Ciudad Redonda. Un lugar para compartir lo que somos.     ¡Sin duda que el profeta es hombre de la palabra, y claro que la palabra de Jesús tiene que ver con el tiempo! Y mucho que tiene que ver; él no pronuncia un discurso intemporal, sin adverbios de tiempo, sin fechas, sin año de promulgación. También es evidente que dice cosas que tienen que ver con el porvenir: los evangelios recogen toda una colección de predicciones sobre el futuro que aguarda al propio Jesús, a sus discípulos, a la urbe (Jerusalén) y al orbe mismo. Pero todos estos árboles profético-apocalípticos no han de impedirnos ver el verdadero bosque de la profecía de Jesús, que señala la llegada del tiempo-eje de la historia. Esa venida no se anuncia para Dios sabe cuándo. Al contrario, el tiempo eje está haciendo su entrada de la mano de este mensajero singular. Porque él es el profeta que fue profetizado (Lc4,21, con referencia a Is 61,1-2), lo mismo que es el predicador que será predicado.

    Si su tiempo es el tiempo-eje, y él el profeta profetizado, es justo que su palabra no se entretenga, una vez más, en dar largas; se aprestará a proclamar el tiempo cumplido y a poner nombre al presente: lo llama redondamente «el año de gracia del Señor». Las dotes de profeta de Jesús no se cifran en conocer calendarios todavía remotos de la gente y en estar al corriente de sus respectivas agendas. Lo que él conoce y da a conocer es el calendario de Dios, las actividades programadas en la agenda divina para todo el «año de gracia» que se inaugura un sábado en una sinagoga, las fechas y horas marcadas con rojo y reservadas por Dios para su encuentro con el pueblo que lo aguarda. Jesús acredita su condición de profeta al mostrar ante las miradas al Dios cercano y salvador que entra en las casas, cruza por las calles y plazas, redime el tiempo y vuelve habitable el mundo.

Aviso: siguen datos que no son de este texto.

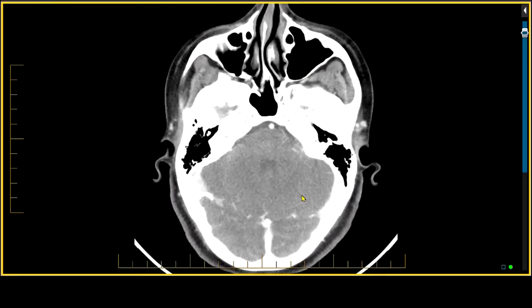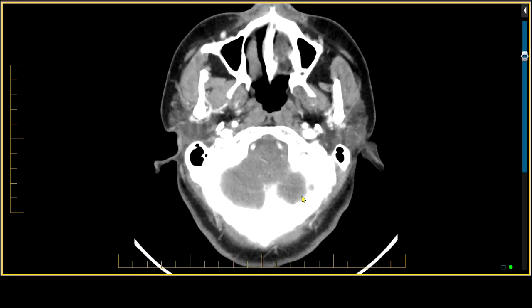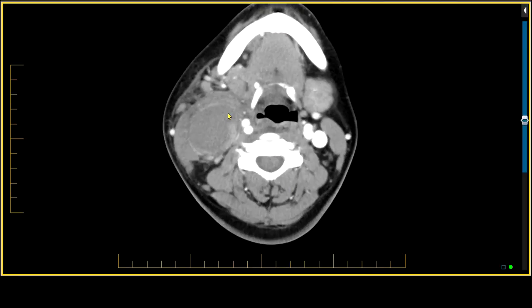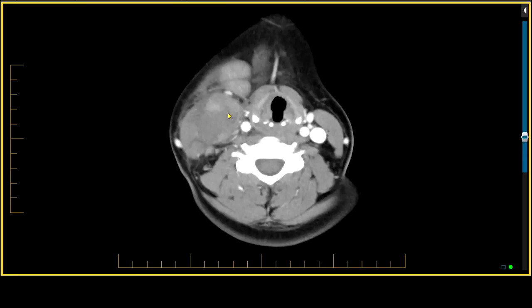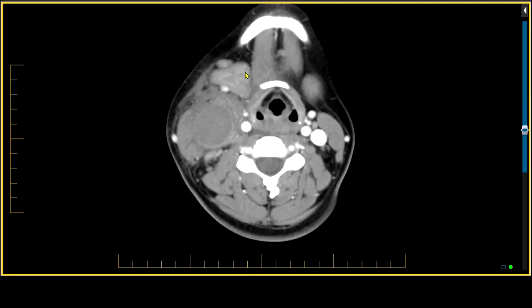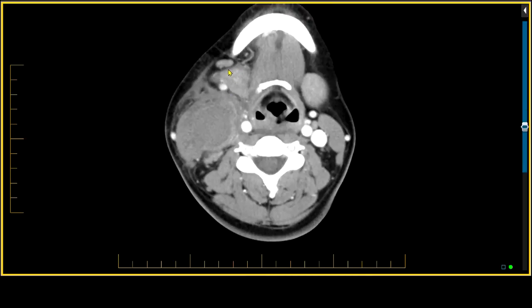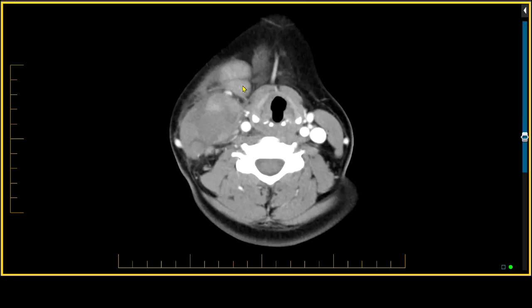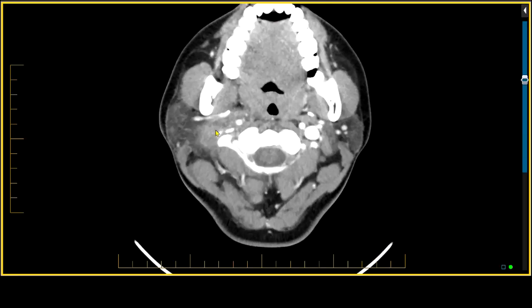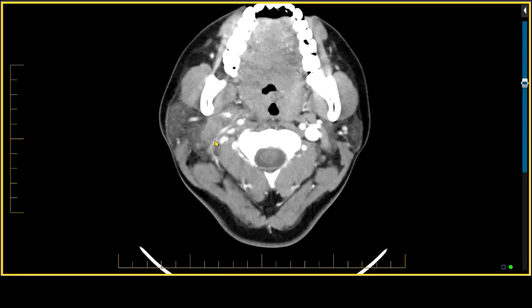This is a case of a patient who presented with a submandibular region mass. Looking at the CT scan through the head and neck region, we see a very large mass appearing to extend below the level of the mandible, hence it was felt to be a submandibular mass. What you see here is the submandibular gland — this was not a mass within the submandibular gland, but a mass posterior to it that extends all the way up into the parotid gland.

    Pero no creamos que este hombre no se mete con la agenda de sus interlocutores. Revela tener verdadera madera de profeta por su poder para exorcizar nuestros demonios familiares y para despertar las energías para lo bueno que yacen en lo oculto de cada persona. Sabe que hombres y mujeres están habitados por,un deseo profundo de santidad y pureza, de justicia y misericordia, de perdón y entrega. A cada cual lo confronta con su verdad personal. Desenmascara nuestra falsedad, bendice nuestra tristeza por el mal humanamente irreparable que hemos hecho, redime a todo el que se deja redimir; y sigue promoviendo para la inacabable humanidad nueva a todo el que se deja promover. Pero al tiempo invita a cada uno a hacer sus cuentas con el Malo y a pagar el precio a pagar para ganarse a sí mismo.

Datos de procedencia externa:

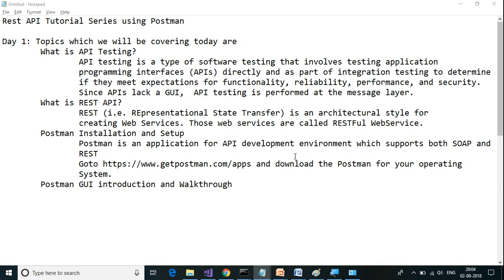Now we will look at what is a REST API. REST, which is Representational State Transfer, is an architectural style for creating web services. When a web service is created using REST protocol, that web service is called a RESTful web service.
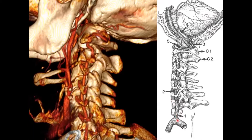The pre-foraminal segment travels up along the spinal column and doesn't go through any foramina. It goes straight up from the subclavian all the way up to just beneath the C6 foramen transversarium.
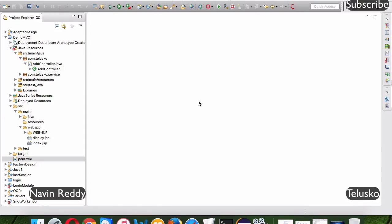Welcome back. This is Navin Reddy from Telusca Learnings. In this video we'll talk about Spring MVC with annotations. In an earlier video we already talked about how to create a Spring MVC application using XML, so if you are new to this video and haven't seen those earlier videos, that's okay.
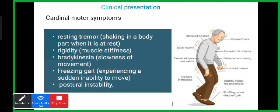Resting tremors include pill-rolling tremors. There are two types of rigidity: lead pipe rigidity and cogwheel rigidity. Lead pipe rigidity mostly presents in the lower limb and means sustained, uniform resistance. Cogwheel rigidity presents in the upper limb, where movement starts and then rigid, jerky movements occur.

    Para decir todo esto manejará Jesús los símbolos mayores que sujetan nuestro lenguaje creyente: Padre, Reino de Dios, Cruz. Y mostrará una gran capacidad para desplegar la riqueza y las implicaciones de los grandes símbolos en toda una red de símbolos menores, consignas, máximas, alegorías y parábolas. Repasemos las bienaventuranzas: en ellas ensambla experiencia y esperanza, necesidades y nostalgia, historia concreta (sobrellevada con dignidad o llevada adelante con pasión) y promesa de Dios. Esa profecía esta libre del poder coercitivo con que las instituciones sociales refuerzan sus palabras, pero tiene la vibración y la luminosidad de una palabra cargada de autoridad.

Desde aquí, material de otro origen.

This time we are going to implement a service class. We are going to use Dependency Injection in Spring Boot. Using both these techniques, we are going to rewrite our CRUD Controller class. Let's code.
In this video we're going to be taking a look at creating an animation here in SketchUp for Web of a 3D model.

    Jesús fue un «profeta poderoso en obras y palabras» (Lc24,29). El caso de Naín lo prueba. La agenda de Jesús no se redujo a pronunciar «buenas palabras» sobre el buen obrar de Dios y sobre el buen obrar humano. Su obrar entero fue profecía de Dios y profecía de humanidad nueva. Jesús nació con un pan bajo el brazo: la voluntad de su Padre, el encargo concreto recibido de El (cf Jn 4,34). Y murió pocas horas después de pronunciar su última profecía una noche en que tomó pan, lo partió, se lo dio a los discípulos y les dijo: «tomad y comed, porque esto es mi cuerpo que será entregado por vosotros».